◆ Assigned task
From the line with "picture of a" to the line with "Bored stylish brunette", retype every line exactly, including those two, and leave out the rest of the data below.

◆ Extracted material
================================

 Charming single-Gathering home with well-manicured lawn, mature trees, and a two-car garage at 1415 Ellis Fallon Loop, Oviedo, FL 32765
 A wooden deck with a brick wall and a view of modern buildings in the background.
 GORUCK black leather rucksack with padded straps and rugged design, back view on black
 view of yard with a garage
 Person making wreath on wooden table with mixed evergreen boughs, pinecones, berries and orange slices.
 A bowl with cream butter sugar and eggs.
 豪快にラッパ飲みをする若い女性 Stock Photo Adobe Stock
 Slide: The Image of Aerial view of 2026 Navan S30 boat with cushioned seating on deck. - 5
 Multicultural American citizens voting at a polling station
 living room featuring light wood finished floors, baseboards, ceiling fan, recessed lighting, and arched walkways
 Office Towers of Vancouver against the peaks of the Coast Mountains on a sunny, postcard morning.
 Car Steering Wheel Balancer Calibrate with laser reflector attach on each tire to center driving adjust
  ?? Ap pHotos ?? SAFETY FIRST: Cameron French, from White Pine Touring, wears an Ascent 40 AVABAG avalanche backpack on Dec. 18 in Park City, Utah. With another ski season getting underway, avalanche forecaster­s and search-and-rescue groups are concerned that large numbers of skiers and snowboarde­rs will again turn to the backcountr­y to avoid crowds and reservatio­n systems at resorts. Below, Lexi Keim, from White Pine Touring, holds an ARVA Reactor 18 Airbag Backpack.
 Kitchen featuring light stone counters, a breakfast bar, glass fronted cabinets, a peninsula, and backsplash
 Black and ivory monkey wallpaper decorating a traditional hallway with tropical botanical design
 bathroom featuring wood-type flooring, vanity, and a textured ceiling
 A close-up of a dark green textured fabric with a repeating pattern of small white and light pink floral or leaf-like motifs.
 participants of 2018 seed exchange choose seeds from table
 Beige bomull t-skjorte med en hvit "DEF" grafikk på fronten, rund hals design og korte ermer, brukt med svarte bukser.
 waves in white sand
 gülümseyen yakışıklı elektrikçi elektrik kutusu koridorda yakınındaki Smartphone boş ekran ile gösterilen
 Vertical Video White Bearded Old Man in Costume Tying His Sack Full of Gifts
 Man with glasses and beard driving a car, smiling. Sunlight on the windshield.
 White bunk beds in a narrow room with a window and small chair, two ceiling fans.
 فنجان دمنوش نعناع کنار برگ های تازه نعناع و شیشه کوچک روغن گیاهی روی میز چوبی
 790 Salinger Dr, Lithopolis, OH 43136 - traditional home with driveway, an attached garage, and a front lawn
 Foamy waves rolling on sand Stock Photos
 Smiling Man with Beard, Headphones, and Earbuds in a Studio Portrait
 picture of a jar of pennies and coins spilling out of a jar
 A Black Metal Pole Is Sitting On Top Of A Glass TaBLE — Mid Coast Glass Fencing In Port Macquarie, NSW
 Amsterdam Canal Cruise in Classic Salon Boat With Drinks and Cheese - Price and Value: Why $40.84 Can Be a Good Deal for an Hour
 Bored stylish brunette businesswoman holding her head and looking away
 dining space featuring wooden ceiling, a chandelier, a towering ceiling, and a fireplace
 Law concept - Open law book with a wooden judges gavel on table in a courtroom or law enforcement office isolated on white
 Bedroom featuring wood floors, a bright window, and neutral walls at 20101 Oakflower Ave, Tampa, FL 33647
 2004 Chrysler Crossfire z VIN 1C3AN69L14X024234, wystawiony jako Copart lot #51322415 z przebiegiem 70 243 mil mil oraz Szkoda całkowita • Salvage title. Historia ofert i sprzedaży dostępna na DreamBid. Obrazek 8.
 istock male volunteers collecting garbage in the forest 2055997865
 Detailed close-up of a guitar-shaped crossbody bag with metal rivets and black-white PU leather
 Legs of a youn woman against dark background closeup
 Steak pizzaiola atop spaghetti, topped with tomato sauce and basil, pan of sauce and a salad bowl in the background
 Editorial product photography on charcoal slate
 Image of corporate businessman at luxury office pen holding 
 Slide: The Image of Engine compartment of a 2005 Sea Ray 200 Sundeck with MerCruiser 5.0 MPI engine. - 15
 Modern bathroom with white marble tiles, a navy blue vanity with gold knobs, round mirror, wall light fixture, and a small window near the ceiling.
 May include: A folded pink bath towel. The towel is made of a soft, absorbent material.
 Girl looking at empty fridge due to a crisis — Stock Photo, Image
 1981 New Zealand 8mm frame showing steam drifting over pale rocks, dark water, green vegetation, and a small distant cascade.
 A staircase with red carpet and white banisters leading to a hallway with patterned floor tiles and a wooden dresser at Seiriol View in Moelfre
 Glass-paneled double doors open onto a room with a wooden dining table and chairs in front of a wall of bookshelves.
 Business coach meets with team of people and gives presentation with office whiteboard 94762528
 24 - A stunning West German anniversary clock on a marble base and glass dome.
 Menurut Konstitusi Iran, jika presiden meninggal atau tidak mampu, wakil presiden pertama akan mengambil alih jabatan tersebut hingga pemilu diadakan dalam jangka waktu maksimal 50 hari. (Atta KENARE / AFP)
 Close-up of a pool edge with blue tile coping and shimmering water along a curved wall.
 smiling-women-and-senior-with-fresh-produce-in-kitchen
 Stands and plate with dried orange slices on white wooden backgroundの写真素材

================================

◆ Task output
 picture of a jar of pennies and coins spilling out of a jar
 A Black Metal Pole Is Sitting On Top Of A Glass TaBLE — Mid Coast Glass Fencing In Port Macquarie, NSW
 Amsterdam Canal Cruise in Classic Salon Boat With Drinks and Cheese - Price and Value: Why $40.84 Can Be a Good Deal for an Hour
 Bored stylish brunette businesswoman holding her head and looking away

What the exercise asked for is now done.